Texas Businesses Win Big: Proposition 9 Passes, Slashing Business Personal Property Taxes

Texas business owners received outstanding news on November 4, 2025. Voters overwhelmingly approved Proposition 9, a constitutional amendment that enacts one of the most significant business property tax cuts in a generation.

This new law, which takes effect for the tax year beginning January 1, 2026, dramatically increases the Business Personal Property (BPP) exemption from a mere $2,500 to $125,000.

This is not just a minor adjustment; it fundamentally changes who pays this tax and how it's calculated. Here is what the passage of Prop 9 means for your business.

How Your Business is Impacted

The new law (HB 9) creates two different, but equally positive, outcomes depending on the size of your business.

Scenario 1: For Businesses with $125,000 or Less in BPP

(E.g., Family office, home office, small retail shops, independent contractors, professional services, startups)

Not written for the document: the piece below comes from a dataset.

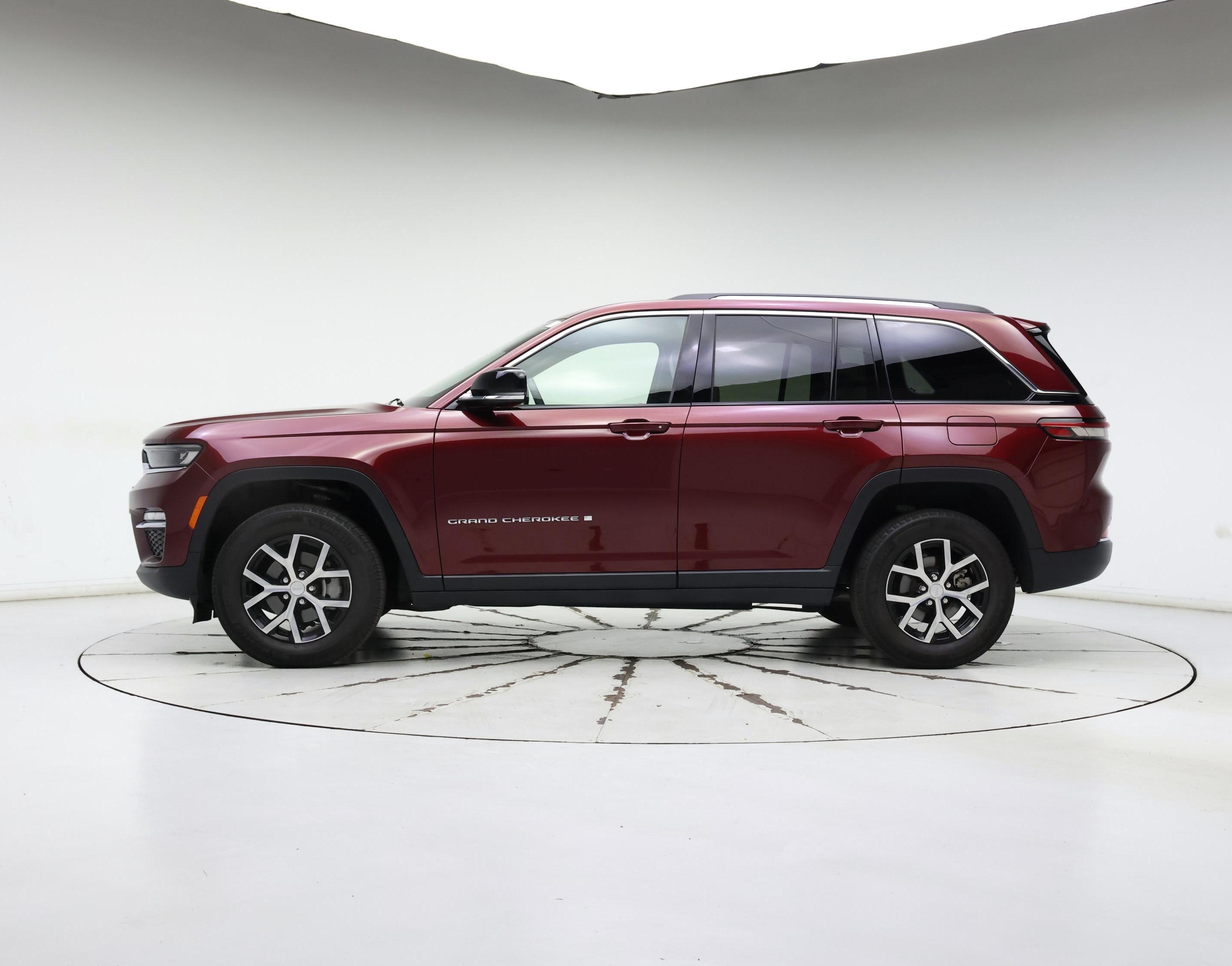 Thumbnail: 2023 Jeep Grand Cherokee - 3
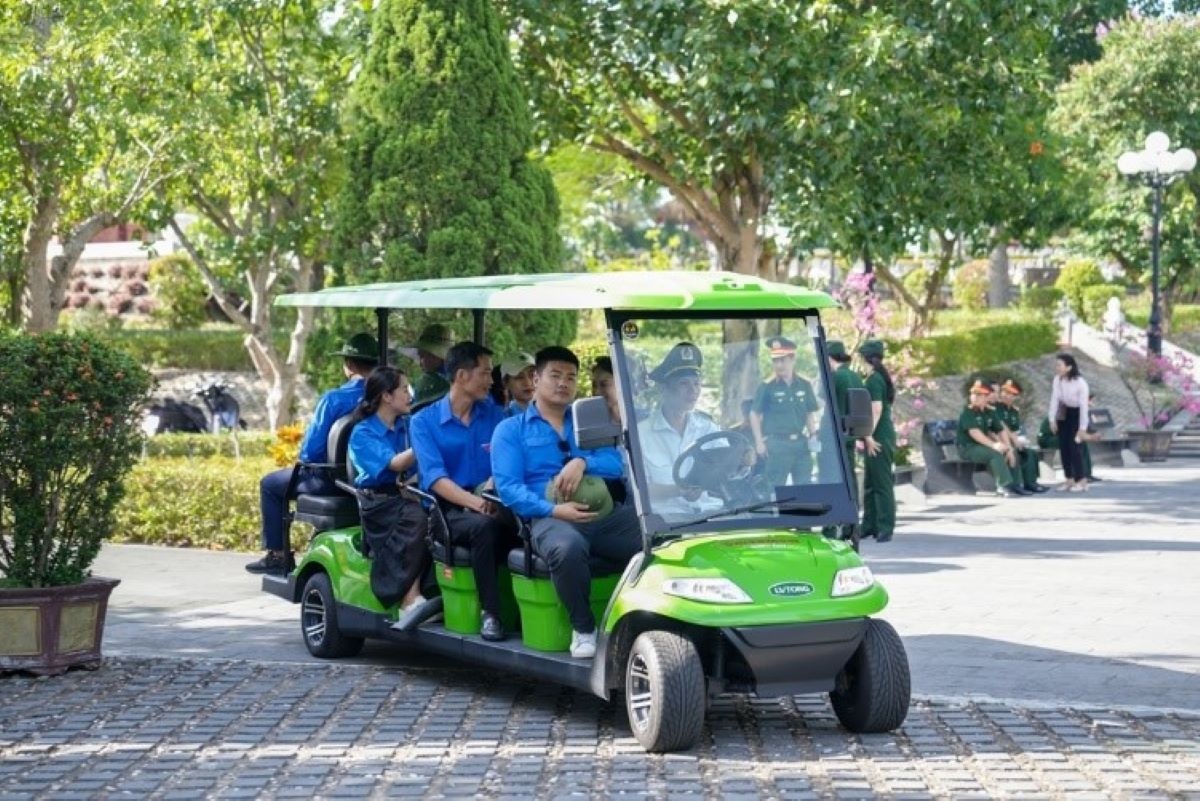 Chiếc xe được Tập đoàn TNG tặng cho Nghĩa trang quốc gia Đường 9 vào năm 2022 Chiếc xe được Tập đoàn TNG tặng cho Nghĩa trang quốc gia Đường 9 vào năm 2022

For hundreds of thousands of small businesses, this law effectively eliminates the BPP tax entirely.

  • Tax Liability: Your BPP tax liability will drop to $0.

  • Compliance Win: You will no longer be required to file the complex and time-consuming annual BPP rendition (Form 50-144) with your county appraisal district.  

    • Note: Appraisal districts may still require a one-time, simplified "statement" to claim the exemption, but the annual filing burden is gone.  

  • Economic Impact: A business with $75,000 in equipment and inventory, which previously paid taxes on $75,000 of value, will now save 100% of that cost. This is a direct, bottom-line saving that also removes a major administrative headache.

Scenario 2: For Businesses with More than $125,000 in BPP

(E.g., Multi-location businesses, manufacturers, large office-based companies)

For larger businesses, the new law provides a material, "stackable" deduction. This is the most critical detail:

The $125,000 exemption applies to the BPP value at each separate physical location (or "taxable situs") your business operates within a local government taxing unit’s area.

  • Old Rule: Under the old $2,500 "threshold" rule, a business with $2,000,000 in BPP received no exemption and paid tax on the full $2,000,000.

  • New Rule: That same business now receives a $125,000 deduction at each of its locations.

  • The "Per Location" Benefit: The law states the exemption applies to "each separate location" where you hold property. If your business operates five retail stores in Harris County, you can claim five separate $125,000 exemptions (one for the property at each store). This is why accurate asset tracking by physical address is now more important than ever.

Economic Illustration:

Let's look at "XYC Corp," which has $2,000,000 in total BPP in Harris County Appraisal District, with an assumed combined tax rate of 2.5% from all XYC Corp’s taxing units (locations).

Illustration of the application of the new texas business personal property tax exemption per location.

  • The "Related Business" Limitation: The legislature anticipated that a business might try to claim multiple exemptions at a single address by creating different legal entities (e.g., "XYC Inc." and "XYC Services LLC") at the same location. The law prevents this. It requires that all property owned by "related business entities" that are part of a "common business enterprise" at the same physical location must be aggregated (combined) and treated as one. In short, you get one $125,000 exemption per physical address, regardless of how many of your related companies operate there.

Your Action Plan for 2026

The new law applies to your 2026 taxes, which means the preparation starts now.

  1. If You're BPP is Under the $125,000 Limit: Confirm the new process with your local appraisal district (e.g., HCAD, DCAD, TCAD) in early 2026. Be prepared to file a one-time form to certify your exempt status.

  2. If You're a Multi-Location Business: Your immediate action item is to review your fixed asset ledger. You must be able to accurately segregate and report your BPP (machinery, equipment, computers, furniture, inventory) by its specific physical address. Failure to do so means you will miss out on thousands in "stackable" exemptions. Contact your tax advisor now to ensure your 2026 rendition is structured to maximize this new benefit.

The Constitutional Amendment Text

The new law was created by two pieces of legislation working in concert: the constitutional amendment (Proposition 9) and the enabling bill that defines the rules. See:

Disclaimer: The information provided in this blog post is for informational purposes only and is not intended as legal, tax, or financial advice. Tax laws are complex and subject to change. This information is based on legislation passed in 2025 and effective for the 2026 tax year. Please consult with your own professional tax advisor and legal counsel to understand how this new law impacts your specific business situation and to ensure compliance.